VIU Milner Gardens and Woodland

September Growing Tips

by Vancouver Island Master Gardeners Association

Welcome to Milner Gardens' 2022 Monthly Growing Tips: Some short-cuts and tricks to help make lighter work of your gardening chores.

The September garden is shifting from summer’s riot of perfumed colour to the mellow hues of the late season. The food harvest continues, we gather seed from the annuals before composting the greens, and the search for autumn-planted bulbs begins.

 

Tending the Landscape

Sow green manure in bare spots left by early spring annuals, or try corn salad, winter lettuces, Asian greens or radish for autumn and winter meals. A little extra mulch after they sprout will protect them from early frosts and give you some to spread into the post-harvest bare spots so the ground will not remain bare over winter.

Pruning in autumn helps plants produce more flowers and fruit next spring but all depends on waiting for autumn dormancy. Each plant genus goes dormant on its own schedule. Because pruning encourages new growth, and new growth needs time to harden before the first frost, you’ll risk the possibility of severely weakening the plant, especially with our climate becoming more unpredictable, if you prune while it is still growing. Wait until all the leaves have fallen and shrub stalks feel dry then you can prune all shrubs and most trees. For conifers, though according to Brian Minter, wait until spring growth begins to colour the tips of spruce and fir, and for pines, wait until the candles at the tip of the branches sprout.

It is safe to prune perennial herbs until the end of the month. Twist a wire around the plumpest pruned sprigs leaving enough of a tail to use for a hanging hook. The food dryer is faster but herbs are more flavorful if hung as more of the essential oils remain in the leaves as they dry. A paper bag slung around and beneath each bunch will catch leaves as they fall off the stems. Most herbs lose much of their flavour after a year, so toss those into the compost.

 

Thinking About Daffodils

It is the beginning of bulb-buying season, and the trick to the earliest blooms is knowing where the soil will warm up first. The three days of full harvest moon will show you the sun and the shade patterns in six months. Buy bulbs now and store in a cool dry place (not the fridge!) and wait to plant in late October when garlic is planted. Geophytes respond very fast to soil that is warmer than their storage organs so planting them now often means they sprout too soon and may rot in winter’s wet soil.

 

Indoor Greenery

Indoor plants that have been outside for summer should come in now when the temperature is about what it will be indoors in winter. This minimizes the shock of a new environment, and helps them settle in faster.
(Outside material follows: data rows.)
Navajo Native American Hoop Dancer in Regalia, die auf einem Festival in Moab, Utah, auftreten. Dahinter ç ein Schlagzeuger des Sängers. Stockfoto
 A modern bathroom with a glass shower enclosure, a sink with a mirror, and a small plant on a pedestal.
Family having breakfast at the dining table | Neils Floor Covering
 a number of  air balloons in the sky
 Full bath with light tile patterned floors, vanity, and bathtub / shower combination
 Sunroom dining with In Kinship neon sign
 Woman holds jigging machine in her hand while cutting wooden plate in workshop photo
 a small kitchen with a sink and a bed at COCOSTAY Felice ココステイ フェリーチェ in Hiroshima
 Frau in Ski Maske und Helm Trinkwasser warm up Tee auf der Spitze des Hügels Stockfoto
Fridge chilling is used to force bulbs for winter blooms indoors. Count back 8 – 12 weeks from your preferred bloom time, then give them a good chill in the veggie bin. Until then, cool and dry are the by-words.

 

You Know You’re Addicted to Gardening When

You devoted 3 months growing tomatoes to save $1.27 at the market.

You understand money can’t buy happiness, but because it also buys plants, you’re good with that.

 

Philosophical Phertilizer

Chinese Proverb: “All gardeners know better than other gardeners.”